The Adding Machine
- First edition
- Author: William S. Burroughs
- Language: English
- Publisher: Calder Publishing
- Publication date: 1985
- Publication place: United States
- Media type: Print
- Pages: 216
- ISBN: 0714540730

= The Adding Machine: Collected Essays =

1985 essay collection by William S. Burroughs

The Adding Machine: Collected Essays is a collection of essays written by Beat Generation writer William S. Burroughs. This collection was first published in the United Kingdom in 1985, followed by an American edition in 1986. The subtitle for this book differs between editions: the first edition was published in the UK with the subtitle Collected Essays while the American version is subtitled Selected Essays.

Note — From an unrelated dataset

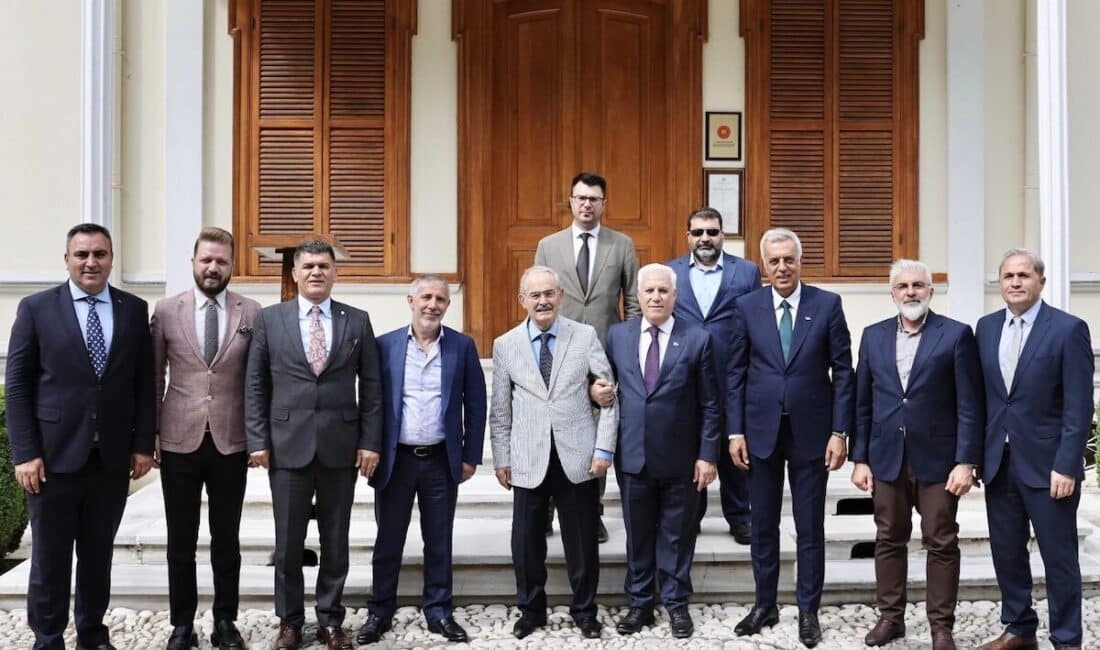 Hünkar Köşkü’nde düzenlenen açılış törenine Bursa Büyükşehir Belediye Başkanı Mustafa
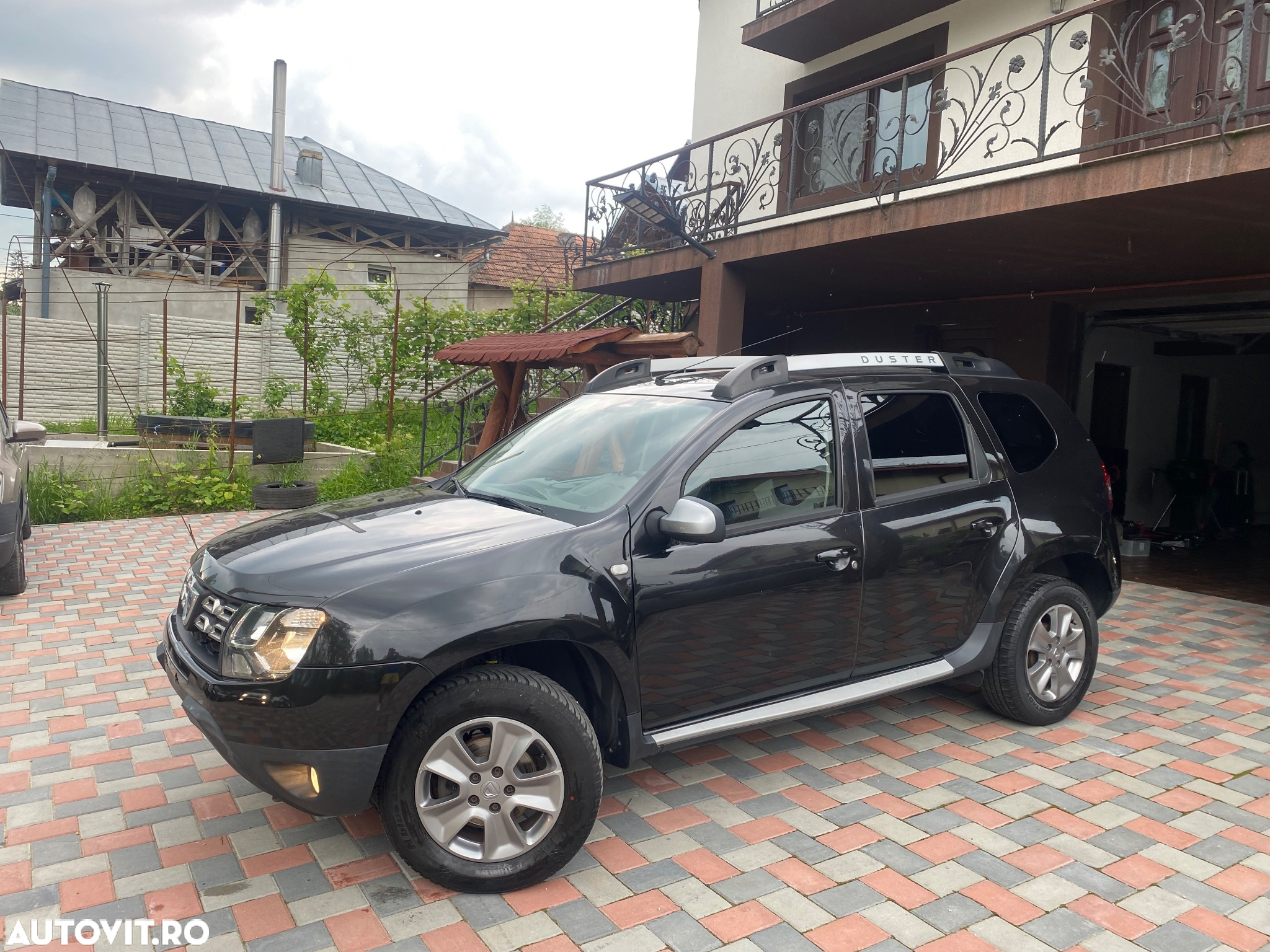 Dacia Duster 1.5 dCi 4x2 Laureate - 10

The subject matter of the essays featured in this book vary widely; the pieces were written over a period of three decades. Topics include discussions about colleagues such as Jack Kerouac and Allen Ginsberg, as well as essays on other writers who influenced Burroughs such as Ernest Hemingway, Joseph Conrad and Samuel Beckett. Also included are some semi-autobiographical pieces.

The book lacks a sources or acknowledgements page to indicate where any of these essays were originally published.

The title of the book refers to the adding machine invented by the author's grandfather, William Seward Burroughs I.